**ABOUT THIS EXERCISE**:
Print the listing below exactly, images excluded.

**DATA**:
..........

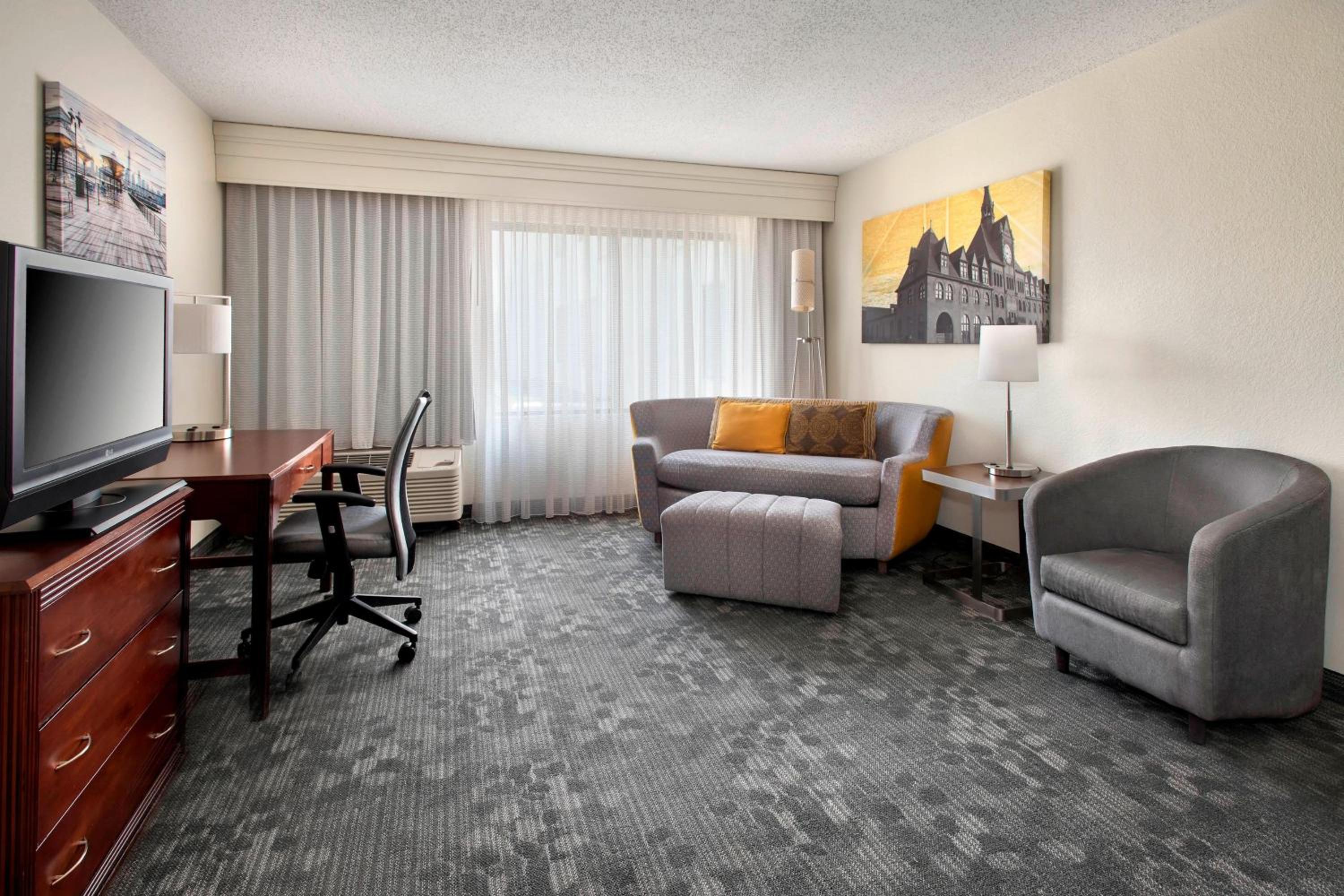 One-Bedroom King Suite - Photo 2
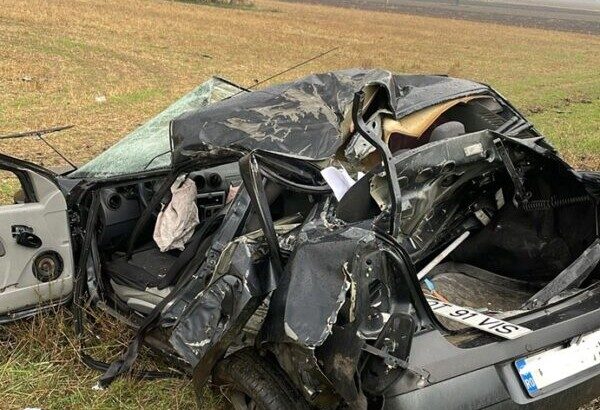 deveselu un sofer a intrat cu masina intr un copac 68fb35598b09f 1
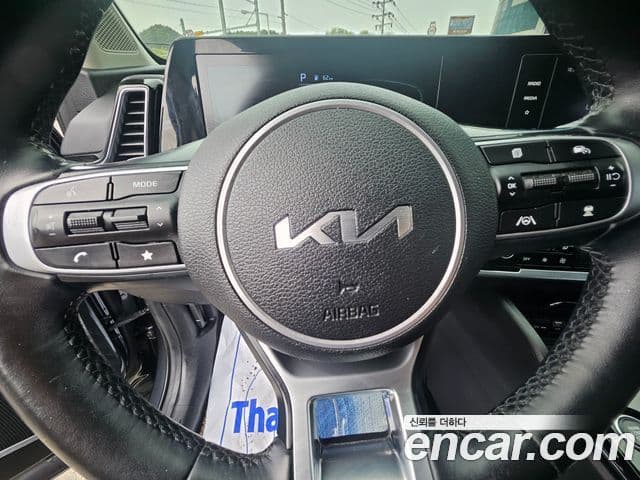 Kia Sportage 2023 — ფოტო 13/20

..........

**RESULT OF THE EXERCISE**:
 One-Bedroom King Suite - Photo 2
 deveselu un sofer a intrat cu masina intr un copac 68fb35598b09f 1
 Kia Sportage 2023 — ფოტო 13/20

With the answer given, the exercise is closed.